Are you going to follow the ratings?
I am not going to do that, for a number of reasons. Because that’s not how NBC works. At Fox, if it’s your show, you get the ratings. Here, you don’t. When I realized there was a different system I asked why that is. And their belief is they want talent to focus on their job and the producers to worry about things like the ratings. And I thought ‘That sounds like a damn good system to me.’ I have to focus on putting on a good show and there’s a whole team of people concerned about putting points on the board.
On Ellen you talked about how you wouldn’t say no to having President Trump on the show. Have you reached out to the White House for an interview?
I have not. I have no pending request for the president. But that doesn’t mean I never will. We’re just getting started so we’re pretty jam-packed in the first couple of weeks. But I bet there will be a Trump interview at some point. He’s the sitting president of the United States. There’s so much I’d like to talk to him about. Obviously, that’s political, but I’m not saying we’re never going to be political. That’s not our mission statement but it’s also not cable news prime time, which is all politics.
You also expressed a feeling that it was a relief to come over here and not have to cover him every night. Is that true?
It is a relief to be out of the vitriolic stew that is cable news prime time. And the stew got spicier under President Trump for every journalist, not just for me. While I was perfectly capable of doing it, that doesn’t mean I enjoyed it. And frankly, a lot of my former colleagues who are still in cable news, not just at Fox, but elsewhere, have similar feelings. It’s not the way it used to be, being a journalist today. He is effectively, and not just him, but his most ardent supporters, have made us players on the field instead of on the sidelines where we belong. That’s not to say there’s not media bias. There are so many reporters who are completely biased against Trump, it’s absurd.

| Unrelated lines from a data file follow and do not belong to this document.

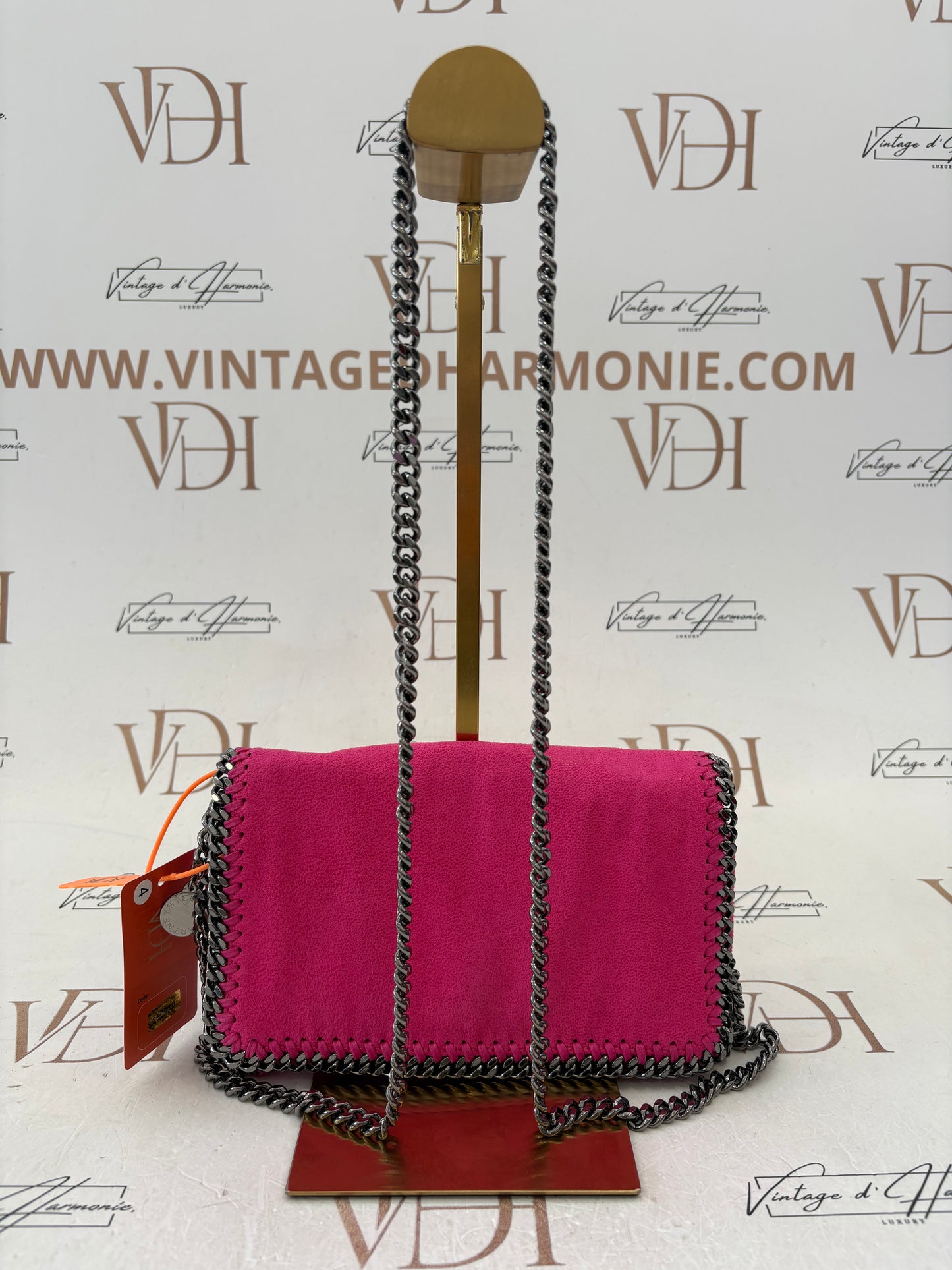 200916 - Stella McCartney Falabella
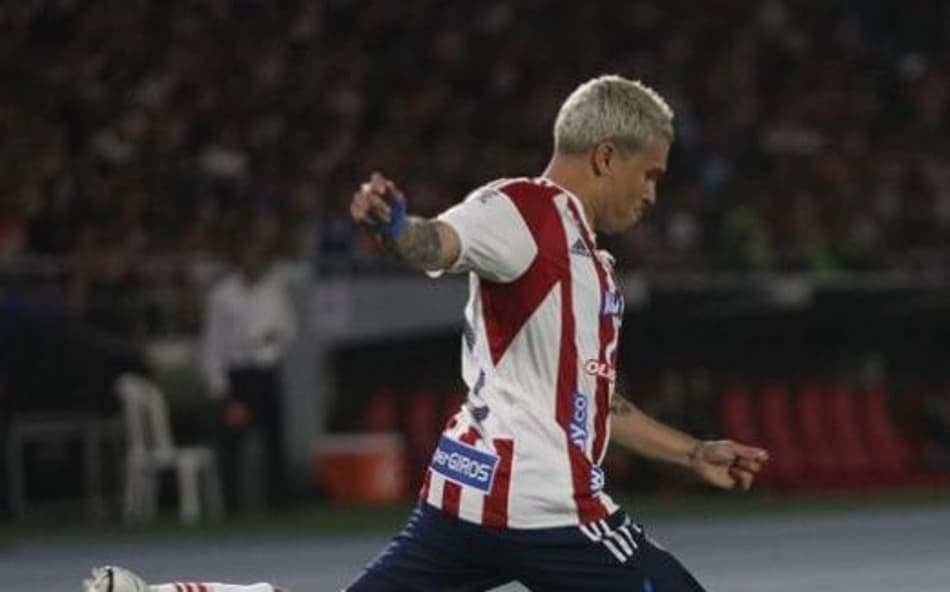 Interessa? Juan Quintero está livre no mercado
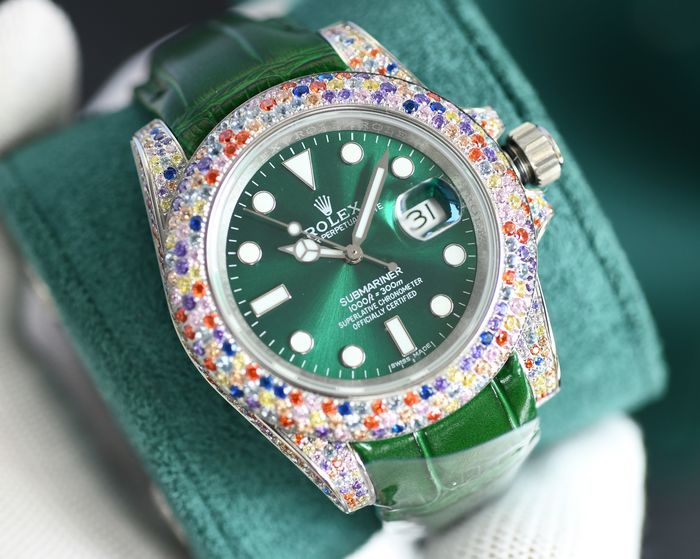 Rolex Watch RXW00805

Uh. Right. But it’s absurd. He’s right that they’re biased against him. They’re extremely biased against him. And some play right into it. They do themselves no service with that tactic. But that doesn’t change the fact that he puts them in a dangerous place by targeting them. You’ve got the alt-right stoking every divisive fire they can. You have conservatives who see their issues diminished regularly, or ignored, or mocked. Why can’t I watch the Emmys without seeing Sean Spicer? What was he doing there? Can’t I just watch the fabulous gowns? Can’t I have an escape? Must everything be political? Everything? EVERYTHING! I’m sick of it. And I’m not the only one.
Do you see yourself going on MSNBC’s prime time to talk about these topics or even to promote the show?
No. I don’t. I was hired by NBC. I’ve been promoting it on the Today show and I think that’s what’s expected of me and that’s what I plan on doing.
How has the transition been?
I’ve had an extremely warm welcome, from the top on down. I can’t say enough good things about Andy and Noah, the staff and the crews. My mom came in for a segment for a practice show. My stage manager, Vinnie, brought her flowers. Just because! Freakin’ love Vinnie. And there are a lot of Vinnies around here.
And leaving Fox? Do you still talk to friends there?
There’s no bad blood between me and anyone at Fox News. I’ve had well wishes from [Sean] Hannity, from Rupert [Murdoch] and Lachlan [Murdoch] on down. My closest friend in the world works at Fox News. The godmother to my child, Janice Dean. Every single person on the daytime lineup, with one or two exceptions, is a good friend of mine. Some of them are going to be in the audience when I launch the show. I was there for 13 years. I don’t know what is said about my departure because I don’t read those stories. I know what is true. But the truth is I left on very good terms and I’m proud of that fact. It’s hard to leave something that’s been good to you.
What do you think about the changes since you left. Bill O’Reilly leaving and Laura Ingraham getting her own show?
I think Fox is going to be great. I think already their numbers are strong again. Fox News has a very loyal audience and that is a blessing to them. And I think it’s obviously a rebuilding year, but from what I can see they’re rebuilding beautifully. So I have no worries about them.
Your Sunday show, or the prime time show, wherever it lands on the NBC schedule, when do you think you’re going to start thinking about that?
They’re already thinking about it. They’ve got correspondents dispatched on assignments for that. Those kinds of stories take a lot of lead time. But I don’t have to start thinking about it until whenever the end of Sunday Night Football and the Olympics is. I won’t be able to do as many as the in-depth pieces myself once that relaunches because I’ll have to be in the studio five days a week, but it’s pretty easy for me to shoot the wraps [on camera introductions/and closing segments] and I can travel here and there. But the other correspondents are shooting them now.